Daiwa downgrades DBS as banking cycle heads toward ‘negative phase’

DBS ATM in SingaporeDBS ATM in Singapore

Daiwa downgraded DBS to Hold from Outperform, both as the stock rallied strongly recently and as the banking cycle was entering a negative phase.

“The Singapore banks are probably nearing the peak of the banking cycle (in terms of EPS (earnings per share) growth, NIMs (net interest margins) and favorable asset quality) and that some or all of these indicators may begin to deteriorate in the coming years (although the decline could turn out to be gradual and manageable), we see no reason to accumulate DBS’ shares now, especially given their year-to-date outperformance,” Daiwa said.

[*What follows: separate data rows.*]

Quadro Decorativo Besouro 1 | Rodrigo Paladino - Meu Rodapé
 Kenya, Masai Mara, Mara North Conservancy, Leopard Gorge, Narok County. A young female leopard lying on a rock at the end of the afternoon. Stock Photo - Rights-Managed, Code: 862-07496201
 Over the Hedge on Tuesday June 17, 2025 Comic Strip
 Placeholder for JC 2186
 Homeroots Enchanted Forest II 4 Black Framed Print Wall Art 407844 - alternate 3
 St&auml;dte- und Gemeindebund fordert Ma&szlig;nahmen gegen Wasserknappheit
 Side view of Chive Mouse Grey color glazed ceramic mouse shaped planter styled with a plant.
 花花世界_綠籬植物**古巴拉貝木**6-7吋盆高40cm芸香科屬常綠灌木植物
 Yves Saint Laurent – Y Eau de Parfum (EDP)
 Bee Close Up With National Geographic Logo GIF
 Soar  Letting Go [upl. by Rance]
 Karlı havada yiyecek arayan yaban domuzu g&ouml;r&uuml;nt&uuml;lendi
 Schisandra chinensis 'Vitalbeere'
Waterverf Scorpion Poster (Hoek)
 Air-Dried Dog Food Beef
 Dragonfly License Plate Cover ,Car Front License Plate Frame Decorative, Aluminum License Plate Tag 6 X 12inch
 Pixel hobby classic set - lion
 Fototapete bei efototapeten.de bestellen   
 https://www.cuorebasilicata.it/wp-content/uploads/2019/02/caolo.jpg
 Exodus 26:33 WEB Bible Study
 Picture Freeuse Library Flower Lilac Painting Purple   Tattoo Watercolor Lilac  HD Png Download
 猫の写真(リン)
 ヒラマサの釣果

“In short, it does not appear particularly cheap or overvalued, in our view,” the investment bank added.

DBS shares are up around 16.5 percent year-to-date.

Daiwa said DBS’ first-quarter results beat its forecast on higher net trading income and lower credit costs, but that was mainly on one-off factors. It also noted that Singapore housing loans declined on-quarter as loan repayments exceeded new loans.

DBS reported Monday its first quarter net profit rose 9 percent on-year to S$1.65 billion as higher interest rates boosted its net interest margin and on strong growth in corporate loans.

Daiwa increased its 2019 earnings per share forecast for DBS by 2 percent on the one-off earnings factors in the first quarter. It also raised its target price to S$27 from S$26.60.

DBS shares ended Thursday down 0.18 percent at S$27.60.